Show HN: Neural Particle Automata

80 points by esychology 15 hours ago on hackernews | 19 comments

afrodisiac | 14 hours ago

Super cool work!!! Do you think it would be possible to do something like cell division here?

[OP] esychology | 14 hours ago

Thanks! Yeah I think it should be possible though it requires making the cell division/splitting a differentiable operation. But nontheless, this is indeed a very interesting and promising direction to pursue.

treyd | 11 hours ago

If you look at the texture demo with the zeros, it looks a bit like lipid membranes merging/splitting as they stabilize more or less around a particular size.

mattdesl | 12 hours ago

This is super cool, great work. Is there a video or demo of the 3D point cloud "gaussian splat" like experiments?

[OP] esychology | 5 hours ago

sixeyes | 12 hours ago

Found it much interesting that i could mess up a pattern enough that it couldn't re-form.

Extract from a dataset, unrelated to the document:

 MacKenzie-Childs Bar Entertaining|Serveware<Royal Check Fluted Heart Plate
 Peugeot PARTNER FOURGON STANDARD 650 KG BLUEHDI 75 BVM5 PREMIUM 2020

Would be fun if selecting a new pattern didn't refresh the image as it is. Although maybe that's a requirement?

patcon | 11 hours ago

Agree! This reminded me of a post that tweaked my brain a few months ago :)

https://open.substack.com/pub/defenderofthebasic/p/why-does-...

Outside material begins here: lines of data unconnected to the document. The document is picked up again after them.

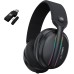 Бездротові ігрові накладні навушники-гарнітура Gaming Glimmer (Чорні) WHGL00022001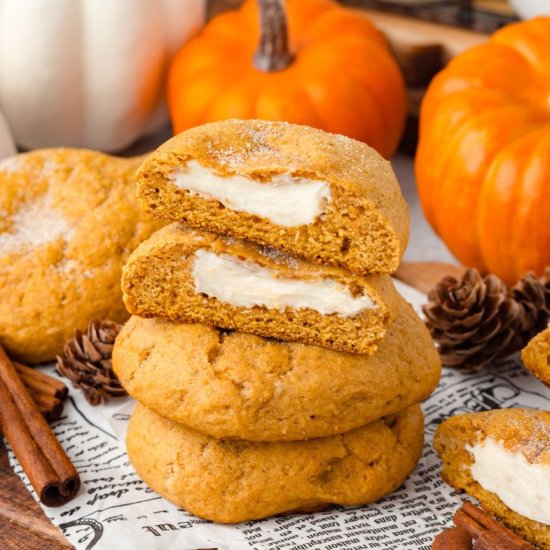 Pumpkin Cheesecake Cookies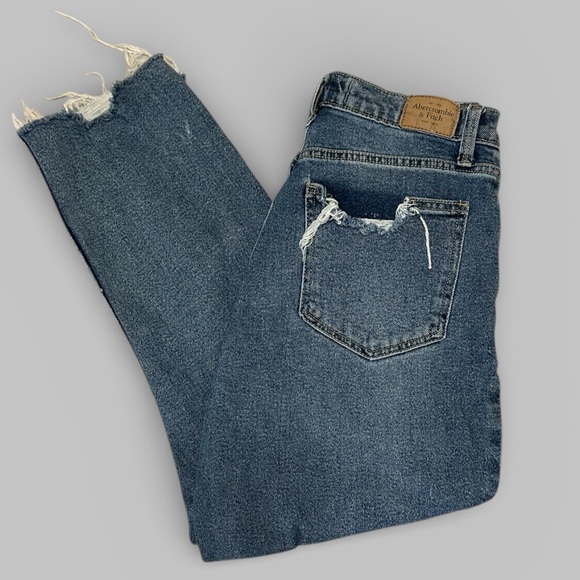 Abercrombie & Fitch Pants - Abercrombie & Fitch Distressed Denim Mom Jeans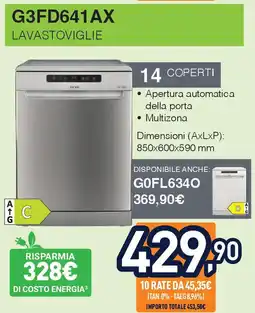 Unieuro IGNIS G3FD641AX Lavastoviglie offerta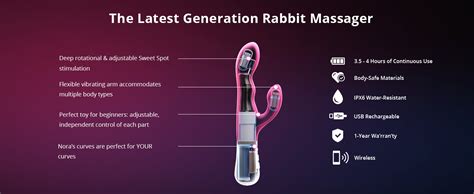 lovense nora rabbit vibrator with app control pink g spot thrusting vibrator rabbit with dual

Also reminds me of Dr Michael Levin's work, which is living rent free in my brain lately

[OP] esychology | 5 hours ago

Indeed! The system has good regeneration capabilities but it certainly has limits.

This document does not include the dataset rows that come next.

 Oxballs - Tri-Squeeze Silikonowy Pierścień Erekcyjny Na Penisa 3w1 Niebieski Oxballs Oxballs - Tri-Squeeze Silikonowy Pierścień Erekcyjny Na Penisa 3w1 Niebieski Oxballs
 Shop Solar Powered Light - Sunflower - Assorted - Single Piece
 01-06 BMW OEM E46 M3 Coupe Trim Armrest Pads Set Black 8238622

The particles can only grow reliably if they start from the egg-like initial condition. If we switch the rules mid rollout, we would get a messed up morphology.

Jgoauh | 11 hours ago

could something similar be used for texture synthesis ? of course the particles will need to be arranged in a grid and everything, or maybe recreate the texture by interpolating between the particles to exploit low contrast areas in the data
From the original research - self-organizing textures: https://distill.pub/selforg/2021/textures/

Jgoauh | 9 hours ago

thanks ! i feel stupid for only checking out the linked paper lol

skimmed | 10 hours ago

Can someone tell me why cellular automata are suddenly everywhere? I've seen ~10 articles regarding them in the last month.

Enginerrrd | 9 hours ago

Because the space of people interested in such things is relatively small and so a single article has knock on effects where a reader of the article or a blogger sees it and starts exploring the space and posts more about it, increasing the exposure some more.

soraki_soladead | 8 hours ago

Possibly because SIGGRAPH is coming up and these were papers submitted to that conference.

hamburgererror | 10 hours ago

This is the future of scientific publishing, pdf is so boring.

[OP] esychology | 5 hours ago

I really loved the distill articles. Too bad it was not continued anymore...

waerhert | 10 hours ago

On the outside it looks very similar to what Michael Levin found on electrical communication between living cells. There too, the organism's cells were able to structure and repair their larger-scale morphology: https://www.youtube.com/watch?v=XheAMrS8Q1c

meta-level | 5 hours ago

How does this relate to https://cells2pixels.github.io/ ?

[OP] esychology | 5 hours ago

In normal NCA cells are pixels and they can perceive their neighboring pixels (cells can't move). In NPA cells are particles and they can perceive all particles in a support radius around them and these particles can move freely. Does this answer your question?